REPUBLIKA.CO.ID, SLEMAN – Pemberantasan korupsi pada 2017 diprediksi tidak akan jauh berbeda dengan 2016. Bahkan setelah penetapan Tim Saber Pungli, pemerintah dinilai akan cenderung fokus pada pungutan liar.
“KPK Jangan ikut-ikutan urusi pungli. Sebaiknya fokus pada grand corruption,” ujar peneliti Pukat FH UGM, Zaenur Rohman saat ditemui di Kantor Pukat, Senin (16/1).
Ia beranggapan KPK tetap menjadi satu-satunya lembaga yang mampu mengungkap kasus korupsi besar dan melibatkan tokoh besar. Sementara Kejaksaan dan kepolisian belum mampu melakukan hal tersebut. Zaenu khawatir, jika KPK ikut sibuk dalam pemberantasan pungli atau kasus kecil, maka penyelesaian kasus korupsi dengan skala yang jauh lebih besar malah terabaikan.
Ia mengatakan, penyelesaian kasus kecil yang bersifat kedaerahan sebenarnya bisa dilimpahkan pada kejaksaan atau kepolisian.
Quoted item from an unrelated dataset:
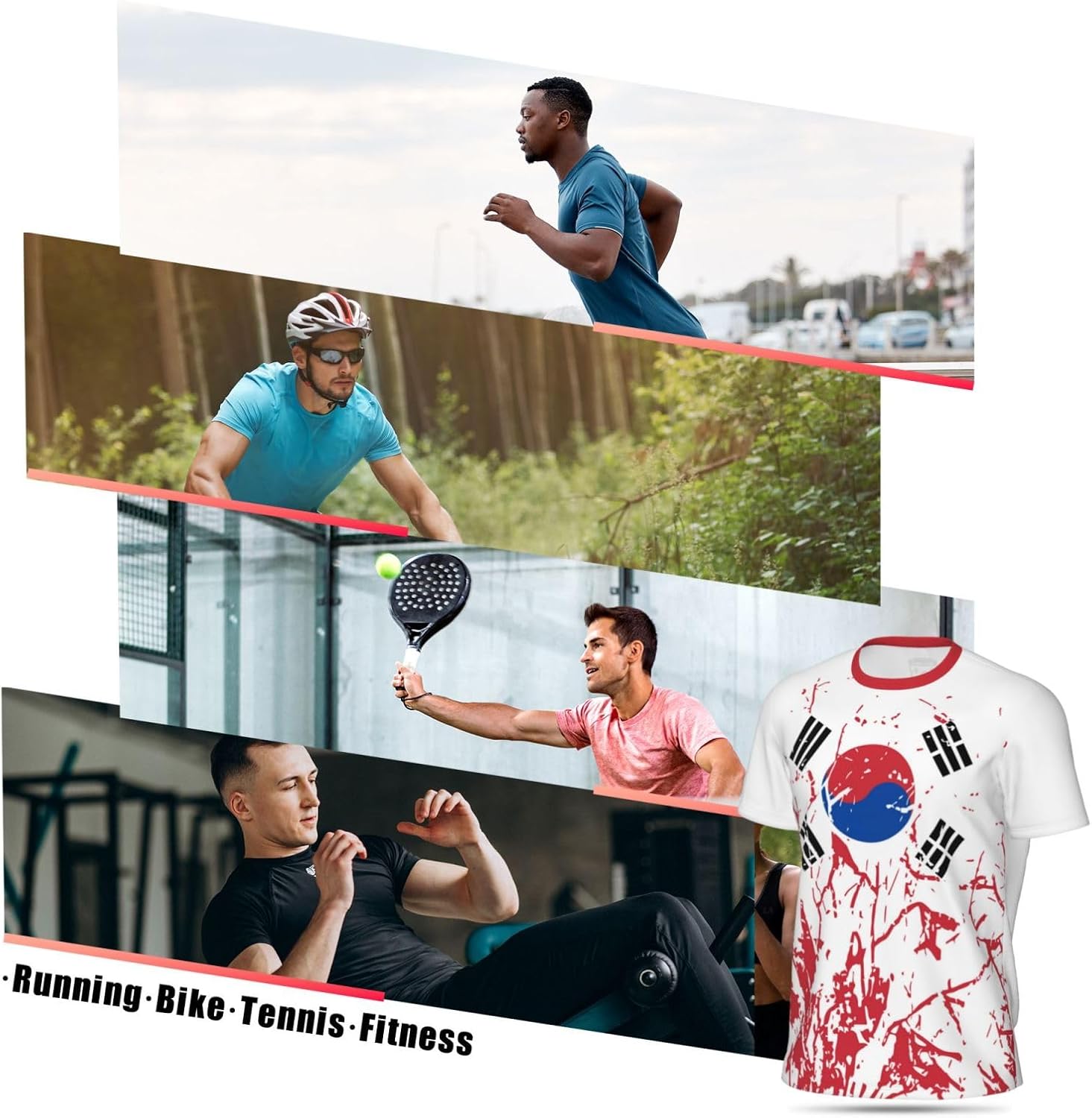 South Korea Flag Grain Team Mesh T-Shirt Jerseys for Running Cycling Soccer Fans Tennis Fitness Sports, Black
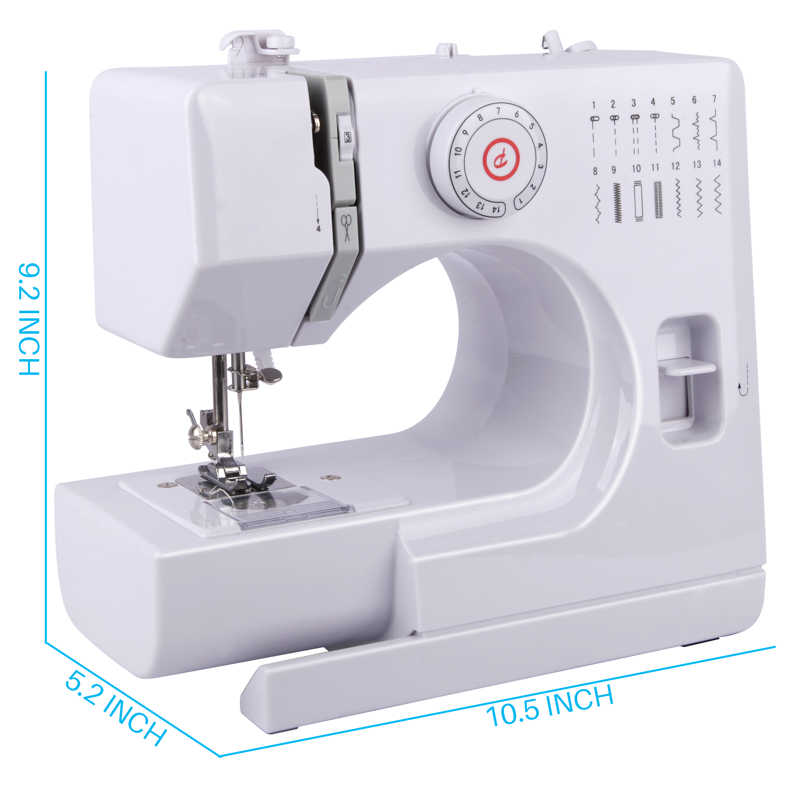 Portable Sewing Machine with 14 Built-in Stitches & Extension Table - Beginner-Friendly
Misalnya kasus korupsi yang terjadi di Kabupaten Kebumen yang seharusnya tidak lagi diurus oleh KPK, melainkan oleh kejaksaan setempat.
“Bukan artinya kasus ini tidak penting. Tapi kalau KPK masih urus kasus ini kan repot. Energi KPK banyak yang terkuras. Sementara masih ada kasus besar lain yang belum terselesaikan,” ujar Zaenu.
Ia menyebutkan, setidaknya ada dua kasus besar yang belum selesai dan terabaikan. Pertama, korupsi KTP elektroik senilai Rp 2 triliun. Kedua, kasus relakmasi Jakarta yang sekarang mandeg di tengah jalan dan cenderung terabaikan.